Les chèvres du Pentagone : simple ersatz ?

SORTIE - Avec un scénario qui fleure la folie douce, soutenu par une pléiade d’acteurs, Grant Heslov, pour son premier film, s’inscrit dans la droite lignée du cinéma des frère Coen. Sans doute trop inspiré pour être original. Le film sort ce mercredi.

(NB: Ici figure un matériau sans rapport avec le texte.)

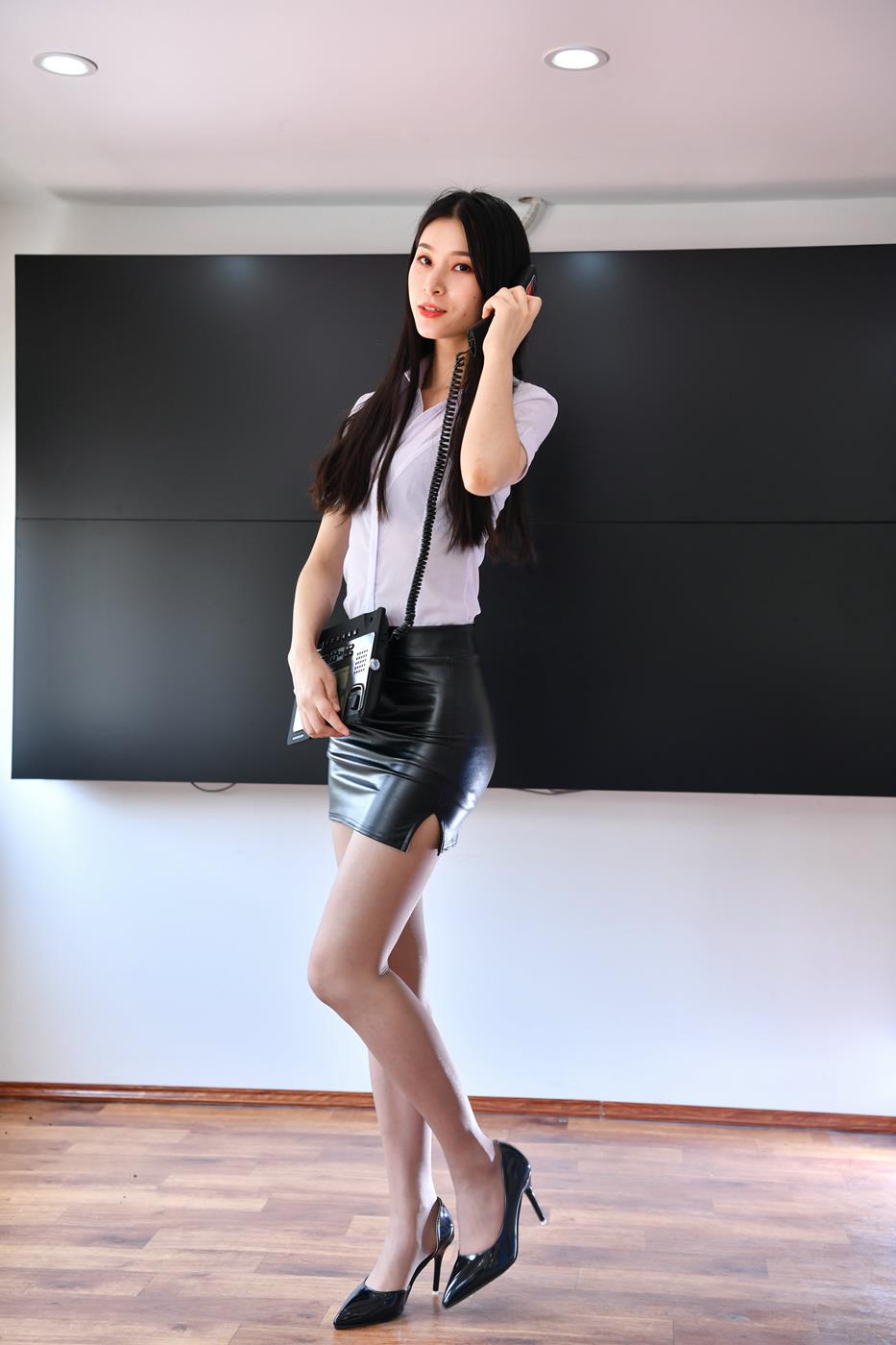 图片[4]-精选魔镜街拍 NO.142 被女上司留下了 [52P]-草丛看图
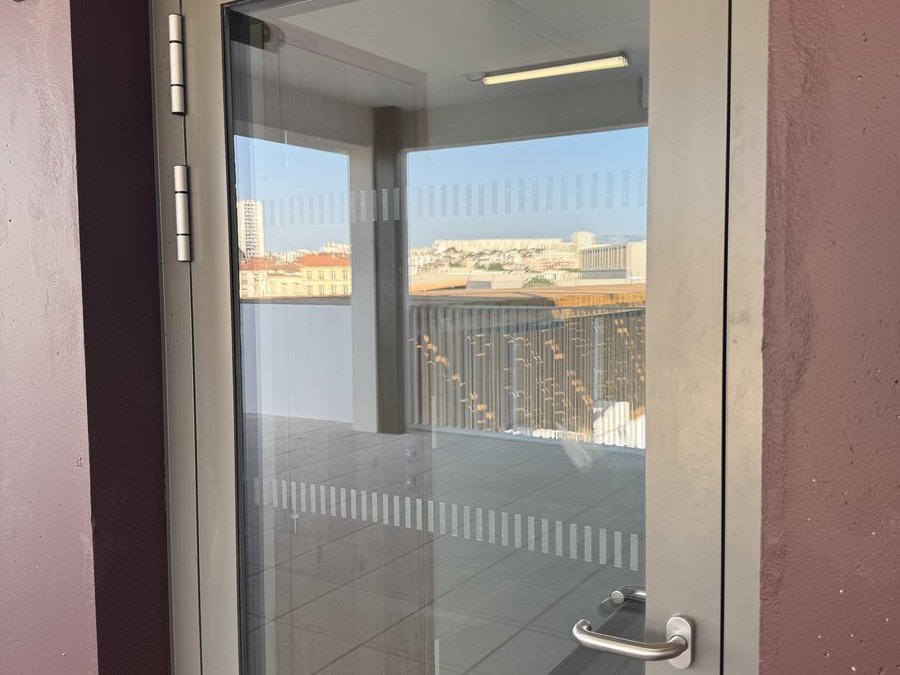 Pose bande de signalétique sur porte vitrée ERP — Teintée + PACA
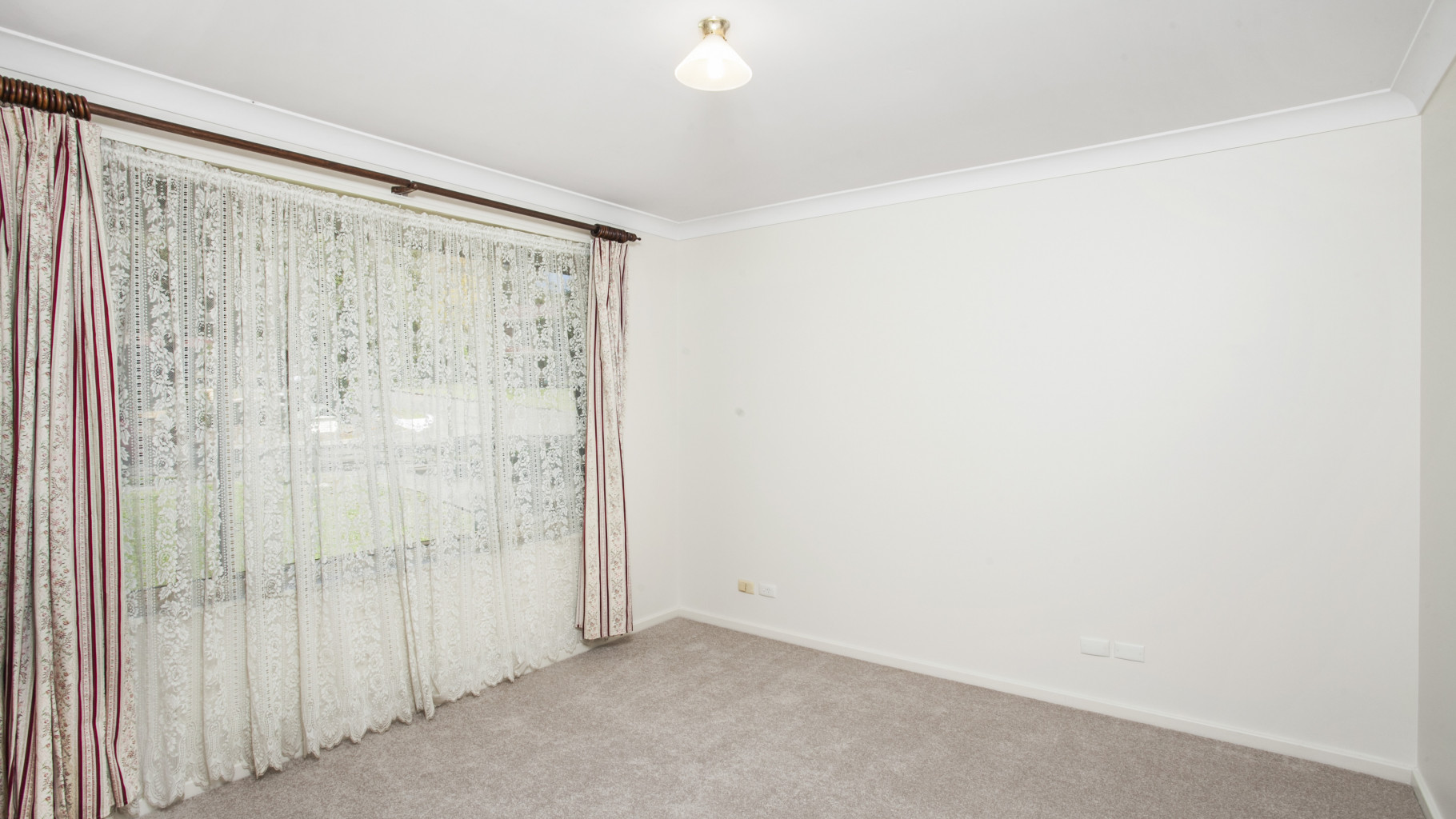 1 Arana Close, Bangor - Thumbnail 4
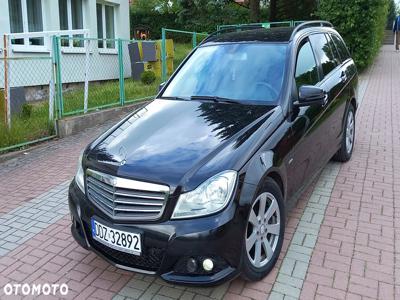 Mercedes-Benz Klasa C 200 T CDI DPF (BlueEFFICIENCY) Elegance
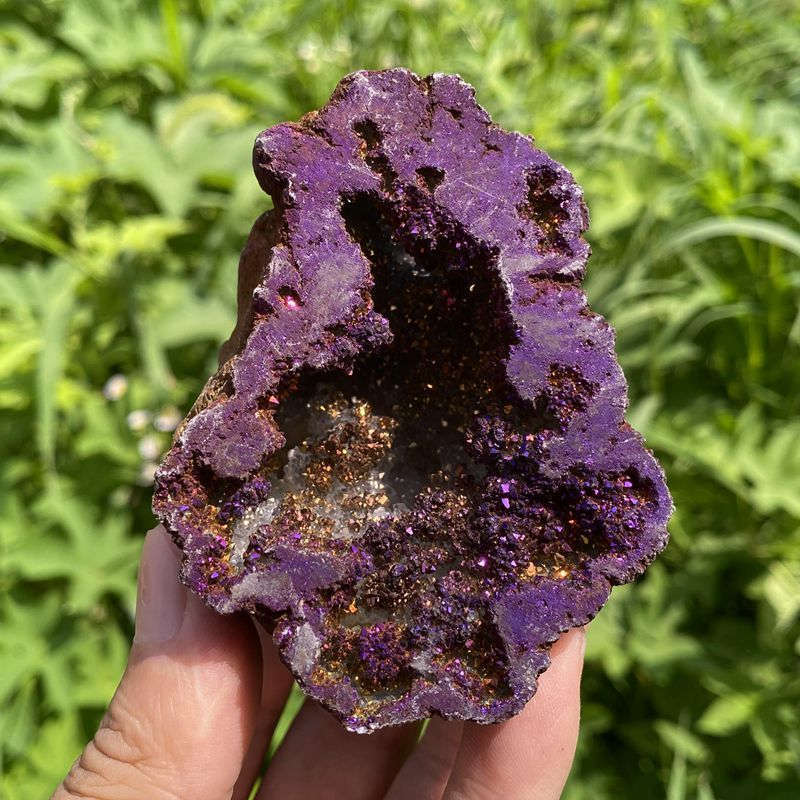 190g Electroplating color Natural Crystal Agate cave ornaments crystal cluster q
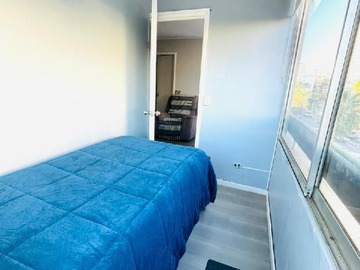 Dormitorio con vista a la Avenida Principal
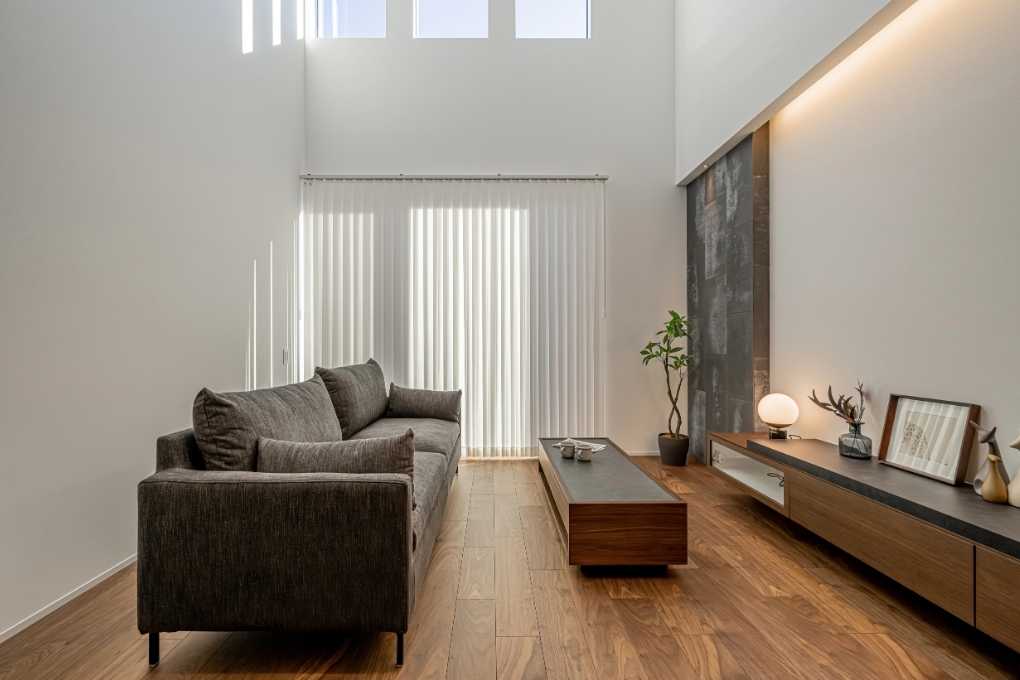 吹き抜けからの光が心地よいリビング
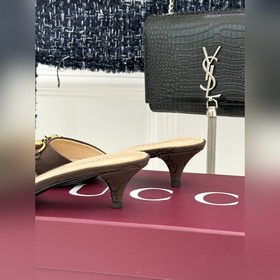 Классические ботильоны Gucci с застежк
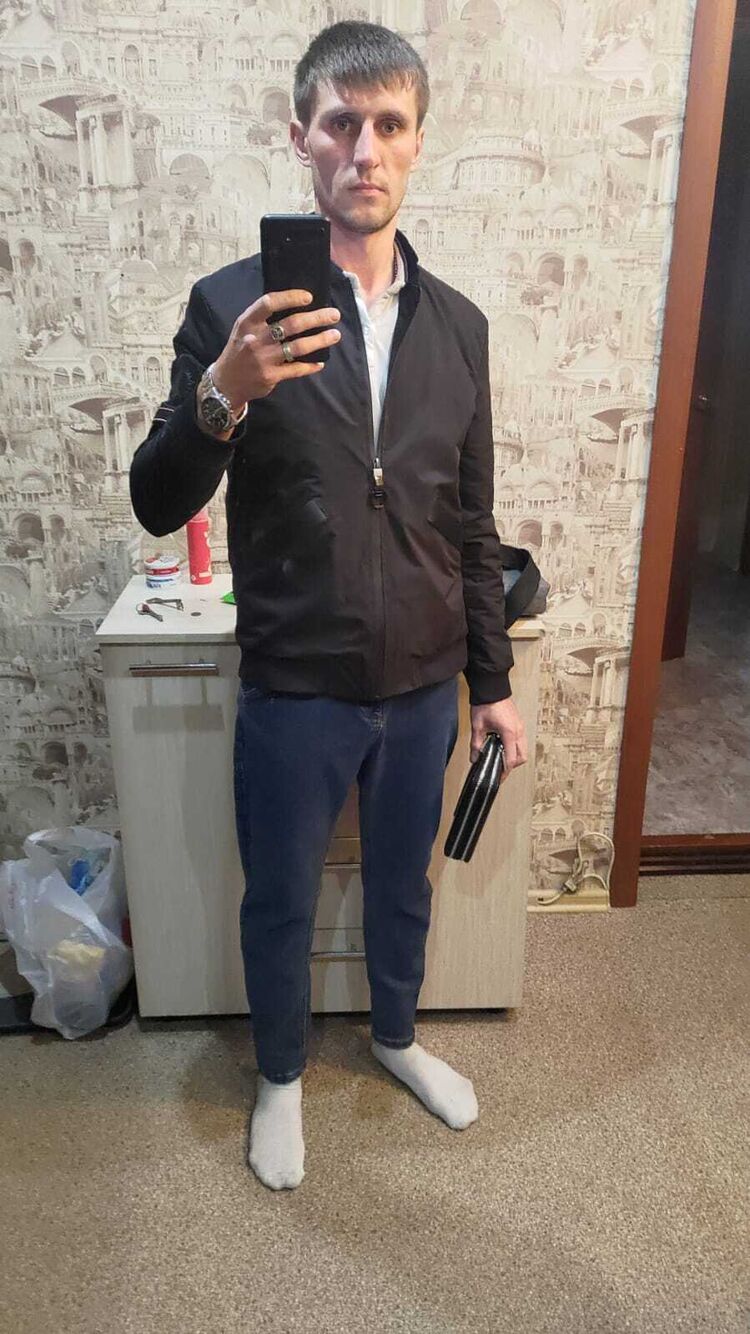  ,   Nikita, 30 ,   ,   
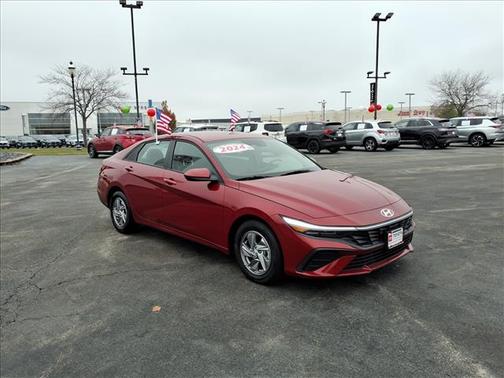 2024 Hyundai ELANTRA SE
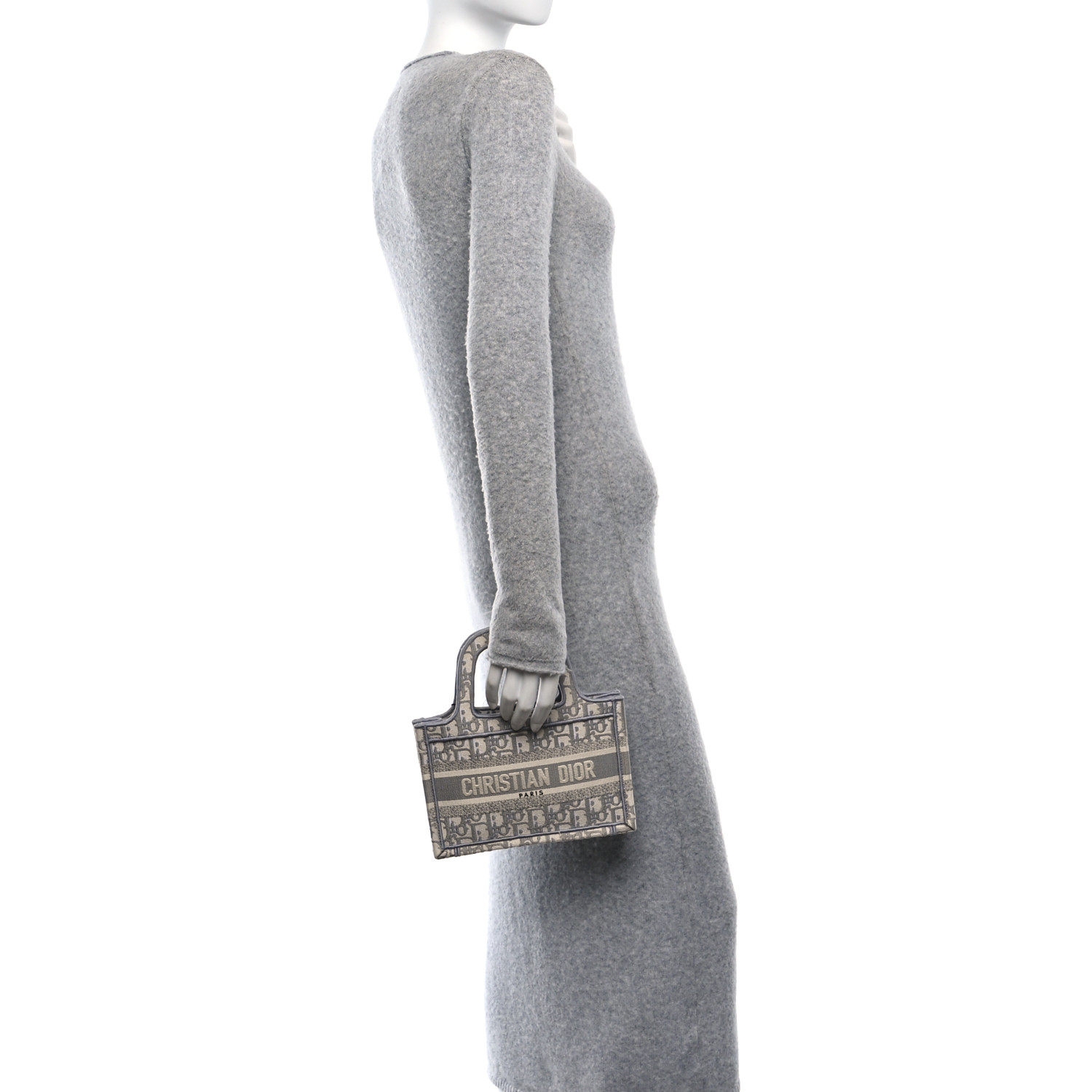 【サイズ感が可愛い♪】Dior★Dior Book Tote バッグ ミニ 書店で生まれた】ブックトートミニのサイズ感・容量を徹底解説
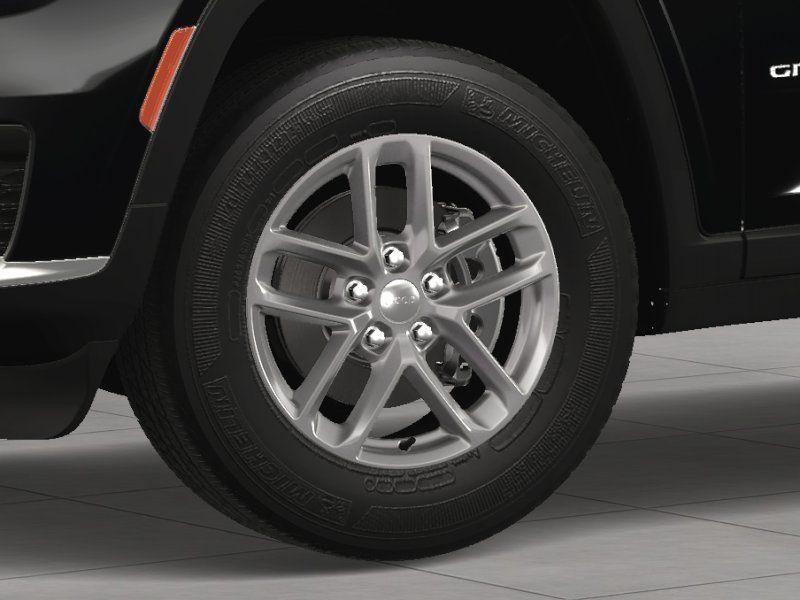 new 2025 Jeep Grand Cherokee L car, priced at $40,274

Un journaliste de presse locale (Ewan Mc Gregor) se lance dans le grand reportage en Irak dans l’espoir de démontrer à son ex-femme qu’il n’est pas un perdant. Une histoire qui prend de biens étranges proportions quand il croise la route d’un ancien militaire (George Clooney) capable de foudroyer une chèvre du regard. Tiré du livre The Men who stare at goats du journaliste Jon Ronson, Les Chèvres du Pentagone nous conte l’histoire d’un bataillon entraîné pour maîtriser certaines techniques de combat New Age. Traverser les murs, tuer un hamster par la simple force de l’esprit, le tout entre deux prises de LSD, autant d’expériences paranormales au premier abord un peu barrées qui auraient pourtant été réellement opérées par la CIA. Si cette comédie s’appuie sur des bases avérées, aussi hallucinantes soient-elles, elle n’en demeure pas moins une fiction burlesque très librement inspirée du bouquin. Le tout, avec un propos, une critique plutôt légère sur l’armée et la guerre en général. Pas de quoi faire trembler le gouvernement américain.

Comme un air de déjà-vu

Pour un premier long-métrage Grant Heslov a réuni un casting de cadors en la personne d’Ewan Mc Gregor, Kevin Spacey, George Clooney et Jeff Bridges. Mais porté par un Clooney mi O’Brother, mi Burn After Reading et un Bridges en sergent-instructeur hippie tout droit sorti de The Big Lebowski, le film laisse en bouche comme un petit goût de déjà-vu. Bref, avec ces personnages foutraques qui frôlent le pathétique, confrontés à de multiples situations rocambolesques, on ne peut s’empêcher d’associer cet univers à celui des frères Coen, le clan le plus célèbre du cinéma indépendant américain. Malheureusement, sur la longueur, le film ne soutient guère la comparaison. Avec une mise en scène un peu transparente, de la vanne trop appuyée pas toujours finaude mais sympathique et des problèmes ponctuels de rythme, Les chèvres du Pentagone, simple ersatz, remplit tout de même honorablement son contrat en divertissant les foules. De là à devenir culte…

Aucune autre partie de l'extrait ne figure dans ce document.